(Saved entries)
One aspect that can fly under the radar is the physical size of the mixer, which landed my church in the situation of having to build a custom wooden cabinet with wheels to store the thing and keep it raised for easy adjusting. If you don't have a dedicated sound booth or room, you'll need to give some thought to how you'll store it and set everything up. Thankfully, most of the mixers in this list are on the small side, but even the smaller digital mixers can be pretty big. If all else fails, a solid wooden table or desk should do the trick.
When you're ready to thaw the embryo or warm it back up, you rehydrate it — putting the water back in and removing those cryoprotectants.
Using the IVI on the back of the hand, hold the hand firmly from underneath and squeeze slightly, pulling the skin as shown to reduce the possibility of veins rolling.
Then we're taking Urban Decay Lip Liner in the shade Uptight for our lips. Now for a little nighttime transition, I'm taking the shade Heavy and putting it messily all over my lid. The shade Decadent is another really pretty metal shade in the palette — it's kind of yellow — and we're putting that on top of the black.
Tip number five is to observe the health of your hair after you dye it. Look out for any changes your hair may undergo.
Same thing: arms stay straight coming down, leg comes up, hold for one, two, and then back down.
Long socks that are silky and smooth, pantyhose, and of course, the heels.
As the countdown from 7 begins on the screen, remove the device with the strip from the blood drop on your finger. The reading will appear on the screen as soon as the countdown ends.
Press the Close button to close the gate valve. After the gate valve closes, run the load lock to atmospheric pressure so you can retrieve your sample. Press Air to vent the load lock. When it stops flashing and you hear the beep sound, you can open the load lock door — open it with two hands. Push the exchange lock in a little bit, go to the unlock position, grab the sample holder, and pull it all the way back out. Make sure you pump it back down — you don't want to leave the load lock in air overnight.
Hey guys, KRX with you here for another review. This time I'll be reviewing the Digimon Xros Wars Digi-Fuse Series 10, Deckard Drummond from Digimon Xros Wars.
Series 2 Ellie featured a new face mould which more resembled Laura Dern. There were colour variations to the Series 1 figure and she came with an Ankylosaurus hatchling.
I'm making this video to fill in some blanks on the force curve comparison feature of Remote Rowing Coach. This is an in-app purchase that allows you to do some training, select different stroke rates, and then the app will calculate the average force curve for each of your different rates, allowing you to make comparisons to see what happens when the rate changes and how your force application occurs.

GOAL OF THE EXERCISE: Where the string "Series" appears in a line of the entries above, return that line.

PROBLEM SOLUTION:
Hey guys, KRX with you here for another review. This time I'll be reviewing the Digimon Xros Wars Digi-Fuse Series 10, Deckard Drummond from Digimon Xros Wars.
Series 2 Ellie featured a new face mould which more resembled Laura Dern. There were colour variations to the Series 1 figure and she came with an Ankylosaurus hatchling.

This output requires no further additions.